Go through the listing below, and from the line containing "貯水池の風景 太陽,日差し,水面の写真素材" through its last line, transcribe every line exactly, skipping pictures.

# [Dataset extract]
== Segment start ==

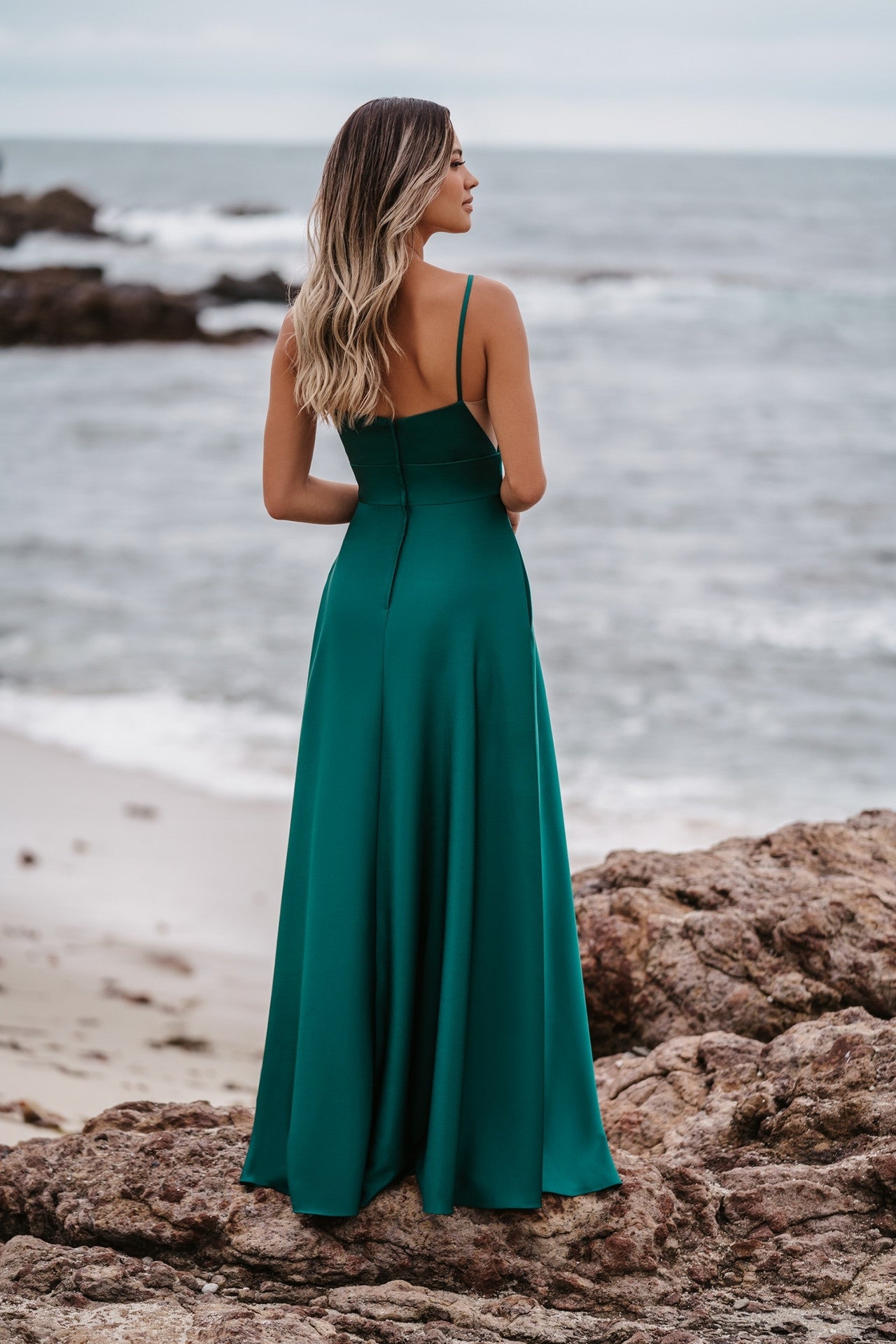 Back view of Allure 1707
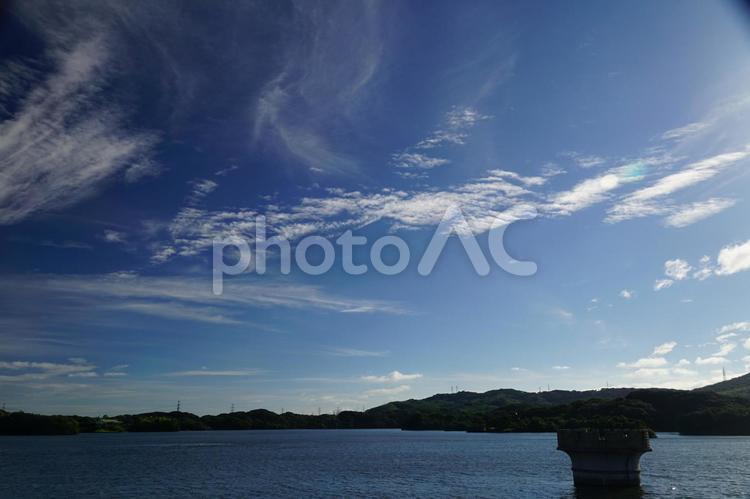 貯水池の風景 太陽,日差し,水面の写真素材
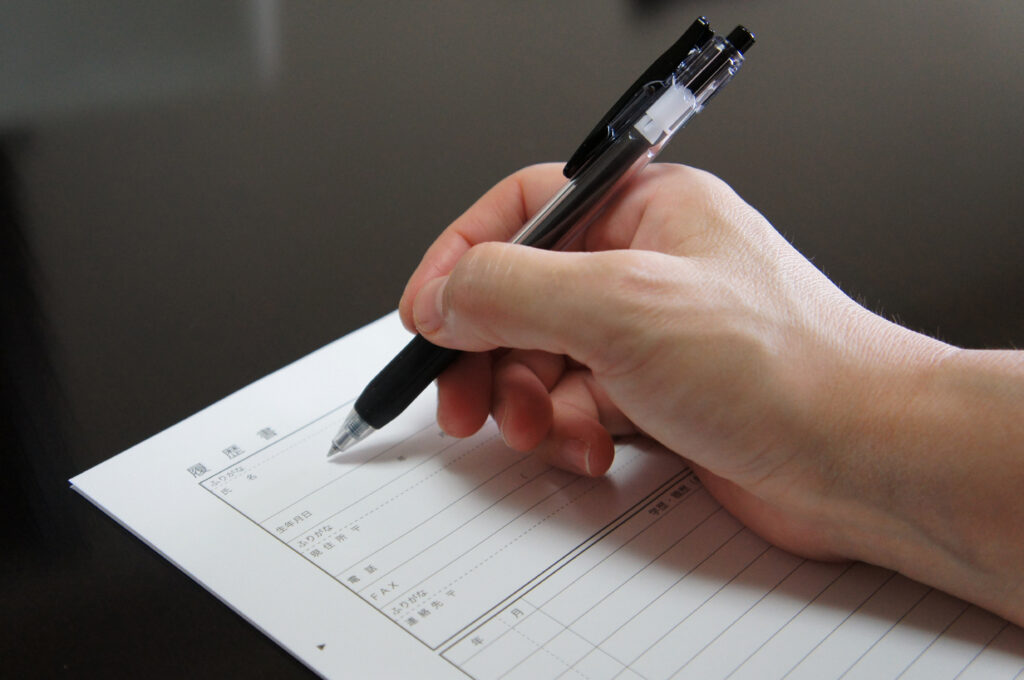 履歴書を書く手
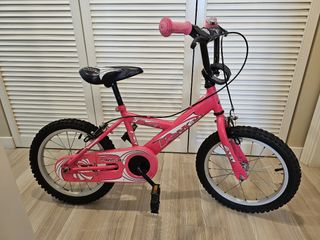 （分類：）位於 。 由 aktch 提交（商品編號 1366990742，圖片 1）。簡介： 。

== Segment end ==

# [Completed exercise]
 貯水池の風景 太陽,日差し,水面の写真素材
 履歴書を書く手
 （分類：）位於 。 由 aktch 提交（商品編號 1366990742，圖片 1）。簡介： 。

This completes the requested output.